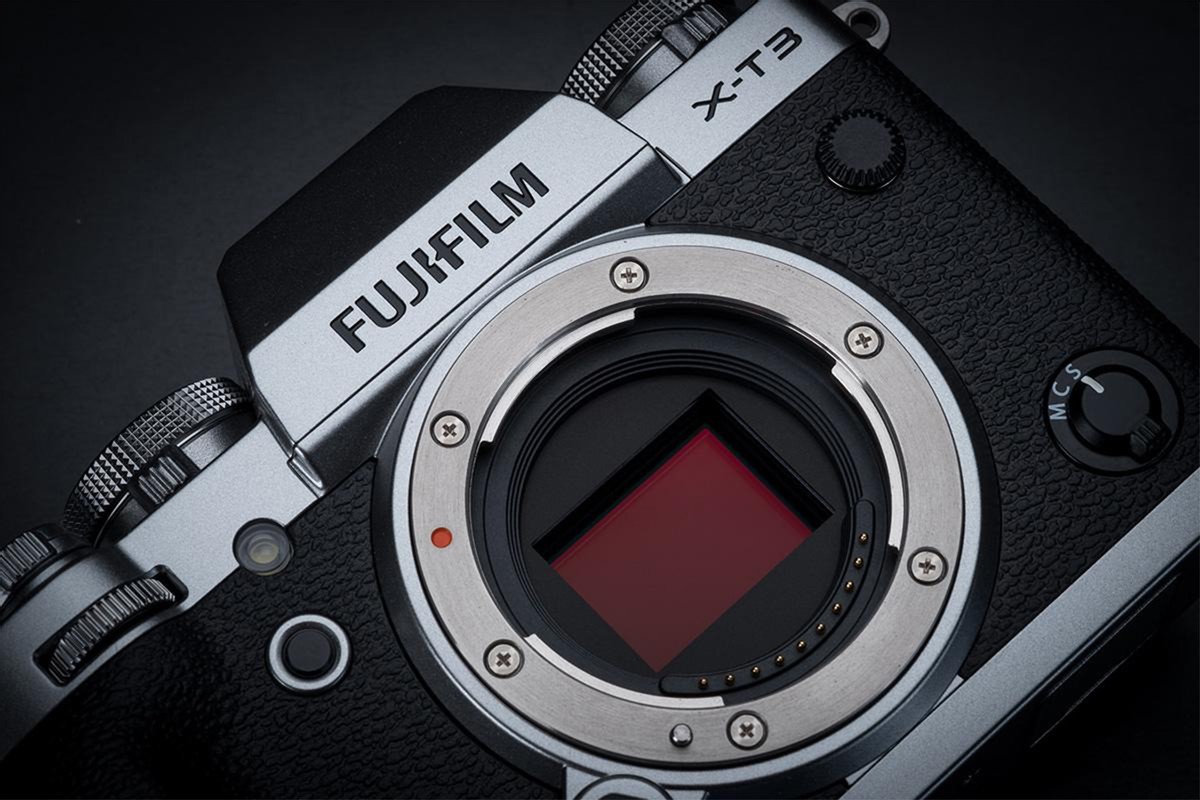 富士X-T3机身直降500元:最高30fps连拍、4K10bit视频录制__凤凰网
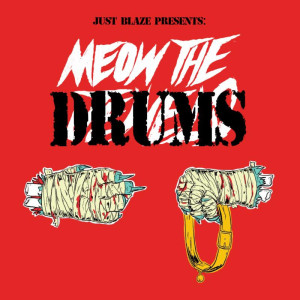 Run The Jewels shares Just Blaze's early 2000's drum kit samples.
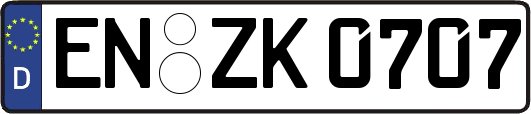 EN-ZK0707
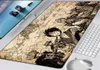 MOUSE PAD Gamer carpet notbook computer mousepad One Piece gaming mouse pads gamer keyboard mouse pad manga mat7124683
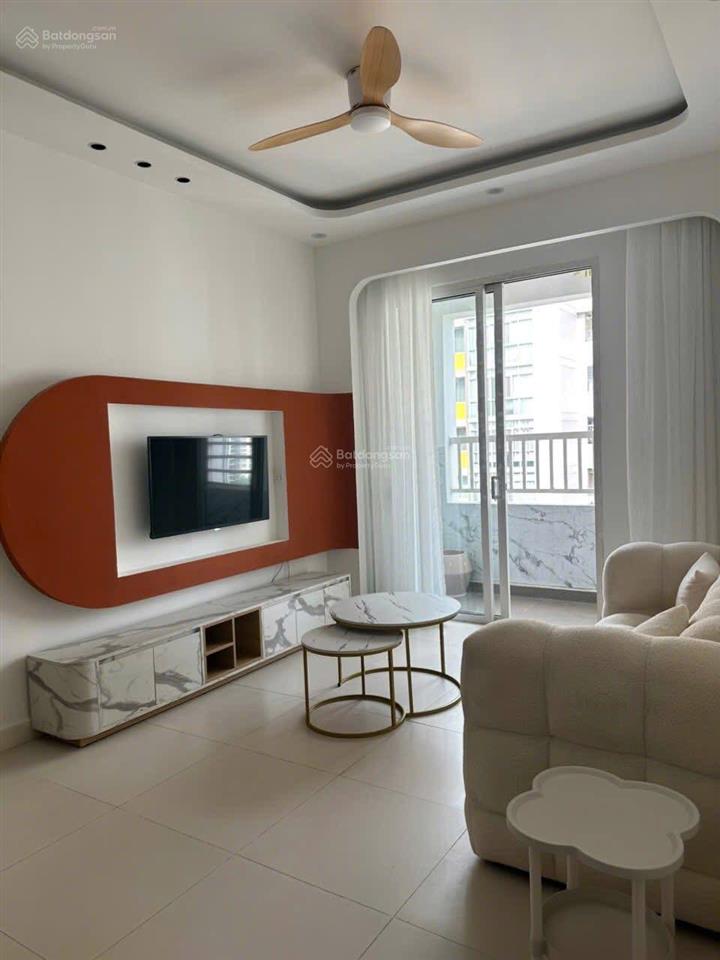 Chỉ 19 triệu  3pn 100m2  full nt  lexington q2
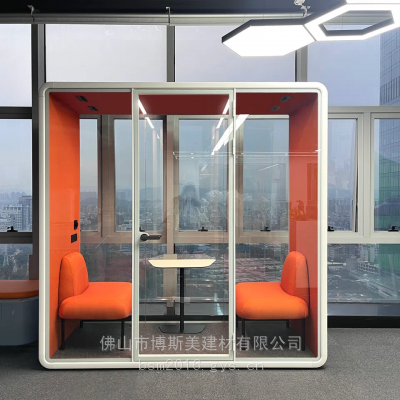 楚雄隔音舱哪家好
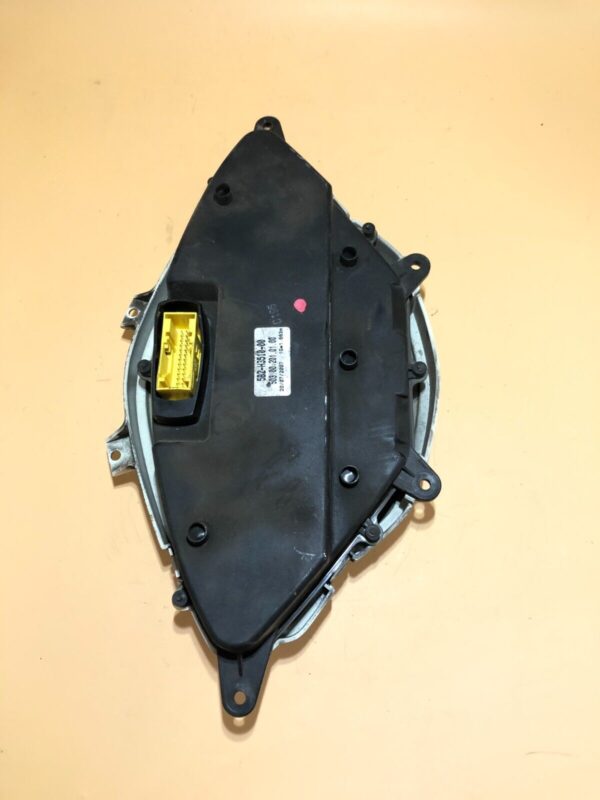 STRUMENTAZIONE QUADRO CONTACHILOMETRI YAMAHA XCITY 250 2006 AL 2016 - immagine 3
···
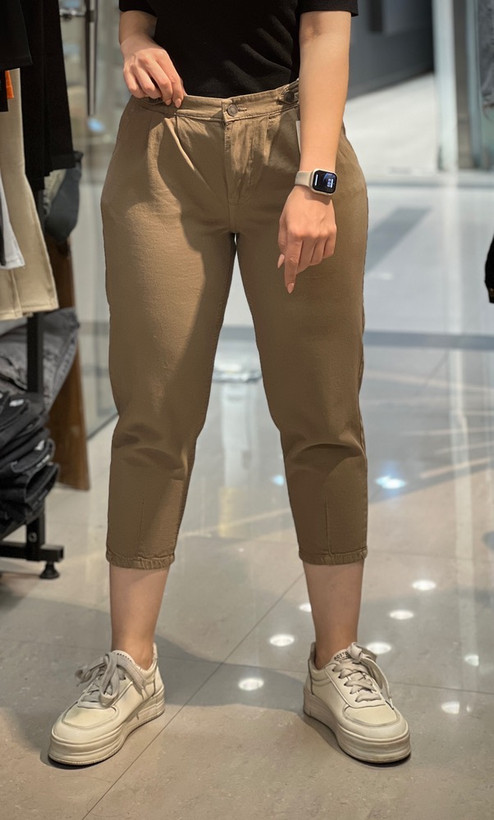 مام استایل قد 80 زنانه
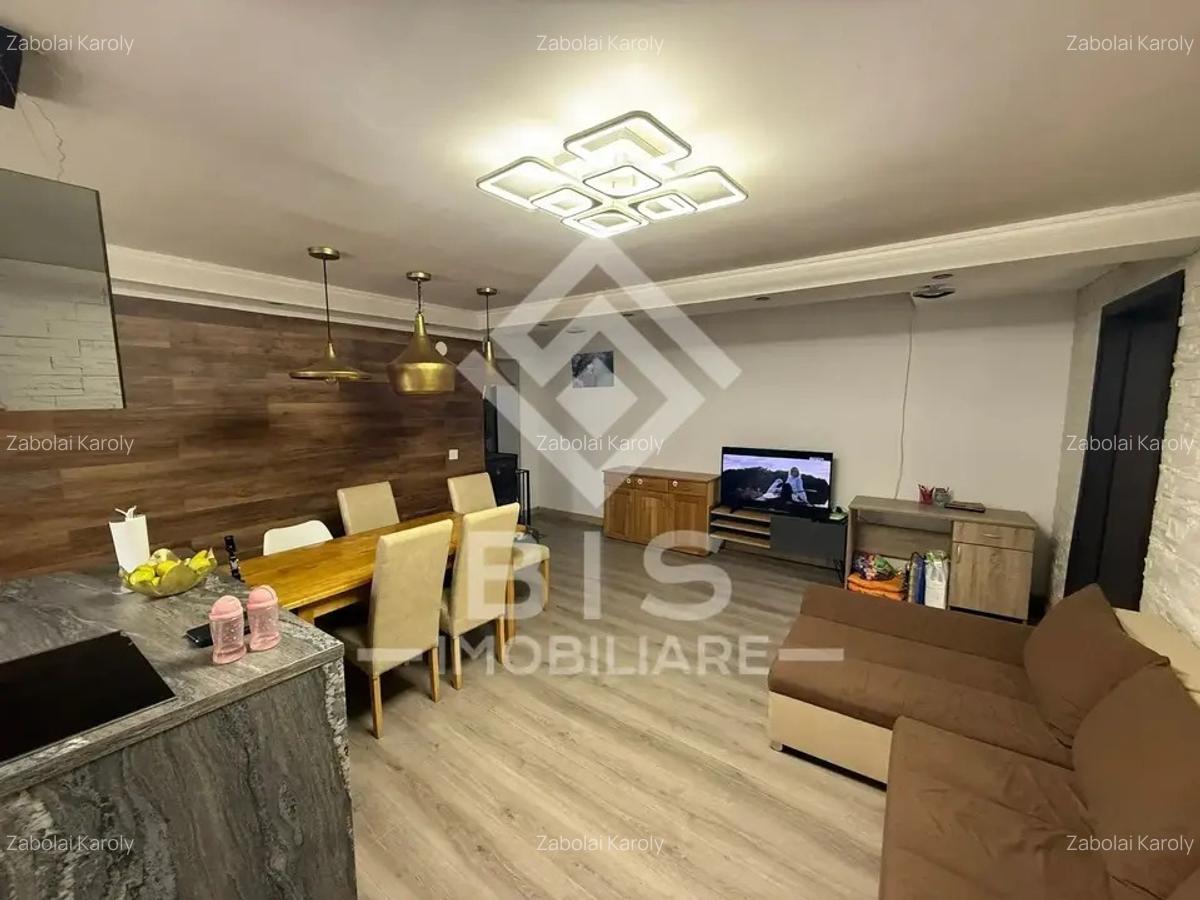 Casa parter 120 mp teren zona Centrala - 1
···
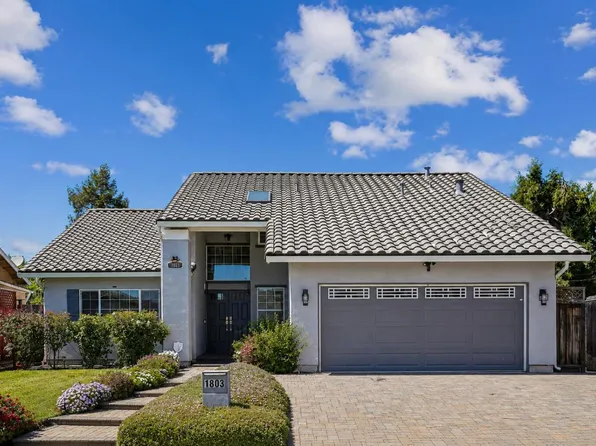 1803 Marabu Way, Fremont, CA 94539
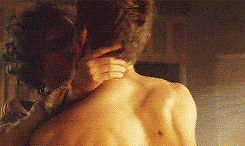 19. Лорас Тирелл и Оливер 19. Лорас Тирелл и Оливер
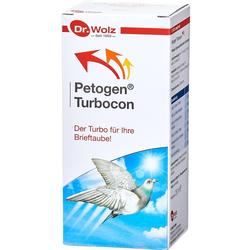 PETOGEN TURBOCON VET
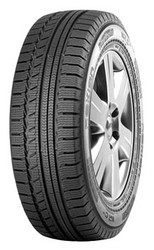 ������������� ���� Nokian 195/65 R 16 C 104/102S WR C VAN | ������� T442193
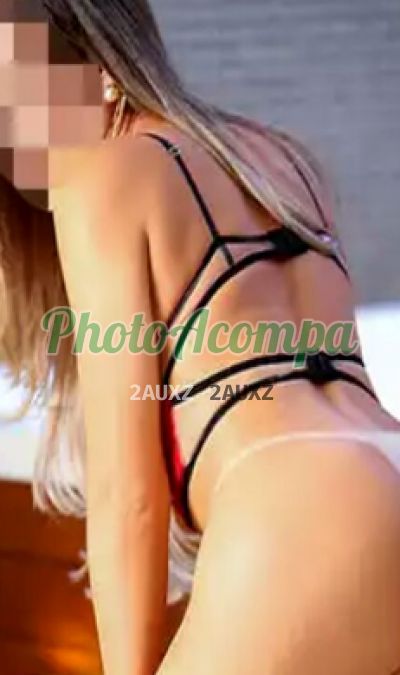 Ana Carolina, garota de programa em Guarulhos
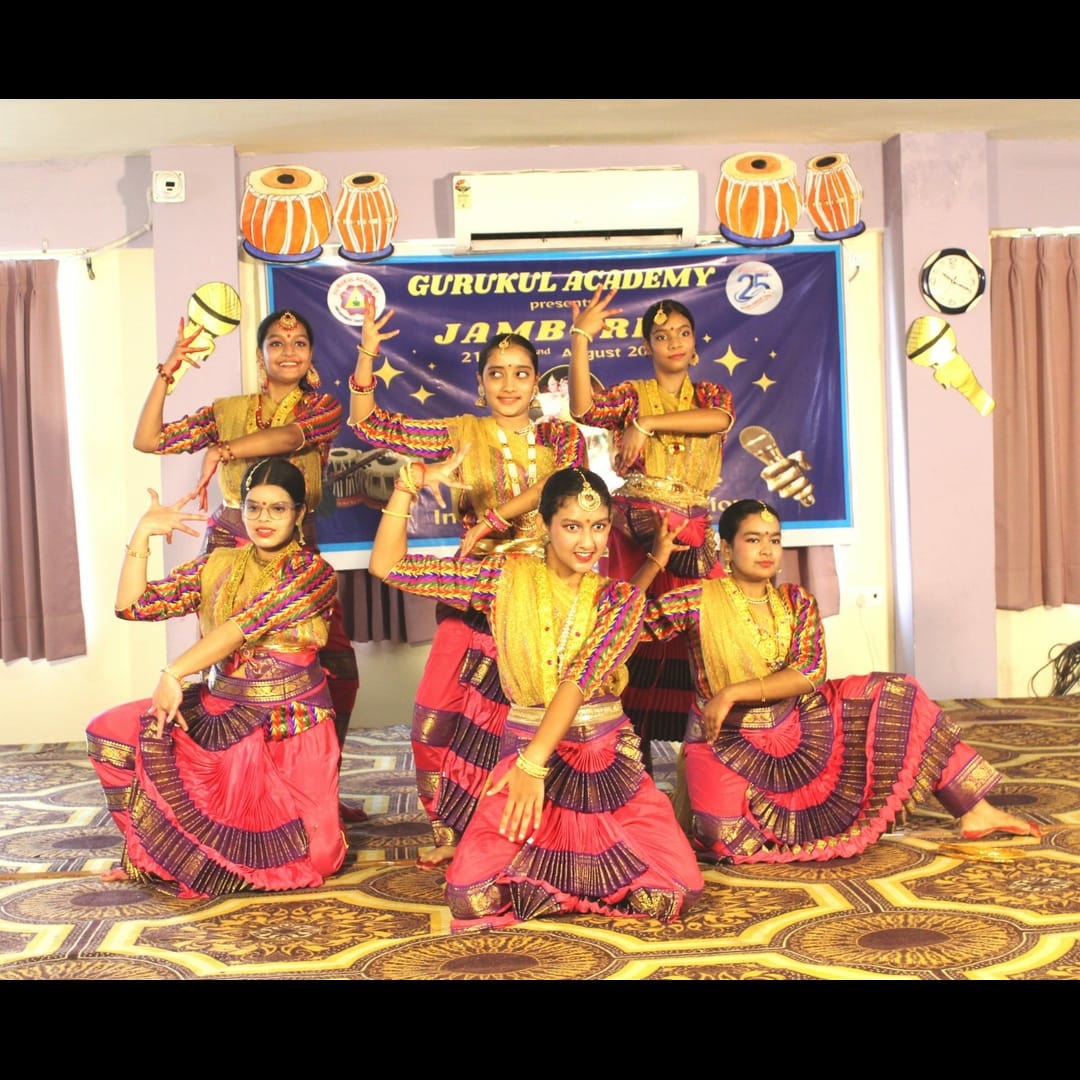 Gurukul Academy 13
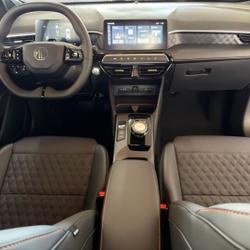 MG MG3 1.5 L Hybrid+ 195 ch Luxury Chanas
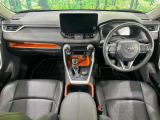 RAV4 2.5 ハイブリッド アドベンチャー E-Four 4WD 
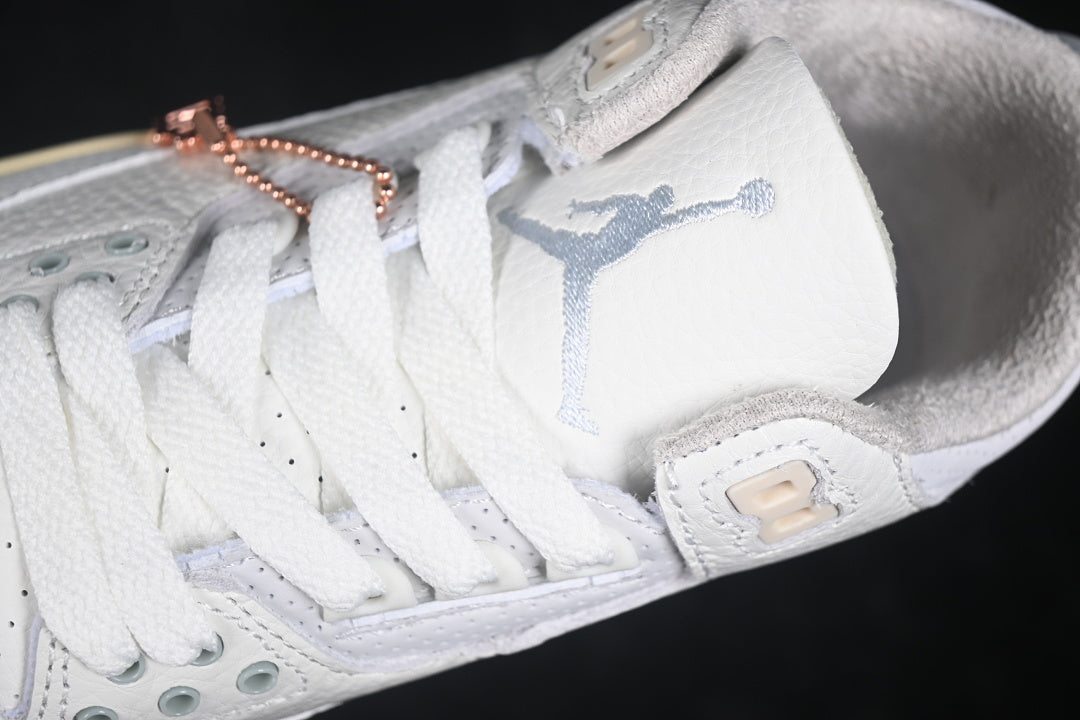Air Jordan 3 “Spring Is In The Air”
···
### What is needed
Write out word for word the lines above that run from the one with "Run The Jewels" to the one with "STRUMENTAZIONE QUADRO CONTACHILOMETRI". Include both end lines; exclude the images.

### Problem solution
 Run The Jewels shares Just Blaze's early 2000's drum kit samples.
 EN-ZK0707
 MOUSE PAD Gamer carpet notbook computer mousepad One Piece gaming mouse pads gamer keyboard mouse pad manga mat7124683
 Chỉ 19 triệu  3pn 100m2  full nt  lexington q2
 楚雄隔音舱哪家好
 STRUMENTAZIONE QUADRO CONTACHILOMETRI YAMAHA XCITY 250 2006 AL 2016 - immagine 3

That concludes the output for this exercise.